Recently, we read a paper that also mentioned winner-takes-all (WTA) circuits and since we moved from Theano to PyTorch, we wanted to give the new idea a try. This type of neuron is similar to maxout, but instead of reducing the output dimensions, the dimensions are kept but filled with zeros. Thus, a layer consists of a group of neurons and in each group, only the “fittest” survives, while the others are set to zero. For example, let’s assume that we have 128 neurons and they should form 32 groups with 4 units each. In PyTorch this is done with a linear layer: wta = nn.Linear(dim_in, 32*4). Next comes the implementation of the forward step which is straightforward. We assume that the shape of the tensor is (batch_size, dim_in).

def forward(self, input):
 h = wta(input) #projection
 h = h.view(-1, 32, 4) # reshape: (1, 32, 4)
 val, _ = h.max(2) # maximal values per batch
 val = val[:, :, None] # reshape: (batch, 1, 1)
 pre = val * (h >= val).type(torch.FloatTensor) #binary matrix->float matrix
 return pre.view(-1, 32*4) # reshape: (batch, 32*4)

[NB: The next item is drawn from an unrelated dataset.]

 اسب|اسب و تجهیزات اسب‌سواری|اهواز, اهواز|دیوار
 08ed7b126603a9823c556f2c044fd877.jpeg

That’s it. Definitely not rocket science, just a bit of juggling with the shape of the tensors and reshaping.

PyTorch – Weight Decay Made Easy

In PyTorch the implementation of the optimizer does not know anything about neural nets which means it possible that the current settings also apply l2 weight decay to bias parameters. In general this is not done, since those parameters are less likely to overfit. Furthermore, the decay should also not be applied to parameters with a shape of one, meaning the parameter is a vector and no matrix which is quite often for normalization modules, like batch-norm, layer-norm or weight-norm. So, how can we tell the optimizer in a principled way to set the decay of those parameters to zero?

With the introduction of the function named_parameters(), we also get a name along with the parameter value. For standard layers, biases are named as “bias” and combined with the shape, we can create two parameter lists, one with weight_decay and the other without it. Furthermore, we can easily use a skip_list to manually disable weight_decay for some layers, like embedding layers. The code is pretty simple:

def add_weight_decay(net, l2_value, skip_list=()):
 decay, no_decay = [], []
 for name, param in net.named_parameters():
  if not param.requires_grad: continue # frozen weights		            
  if len(param.shape) == 1 or name.endswith(".bias") or name in skip_list: no_decay.append(param)
  else: decay.append(param)
 return [{'params': no_decay, 'weight_decay': 0.}, {'params': decay, 'weight_decay': l2_value}]

and the returned list is passed to the optimizer:

params = add_weight_decay(net, 2e-5)
sgd = torch.optim.SGD(params, lr=0.05)

That’s it. The behavior is documented, but we still think it’s a good idea to give an example, since in frameworks specialized on neural nets, the default behavior might be different. Furthermore, the method is straightforward, but requires some knowledge of the internals and an example hopefully helps to better understand the process.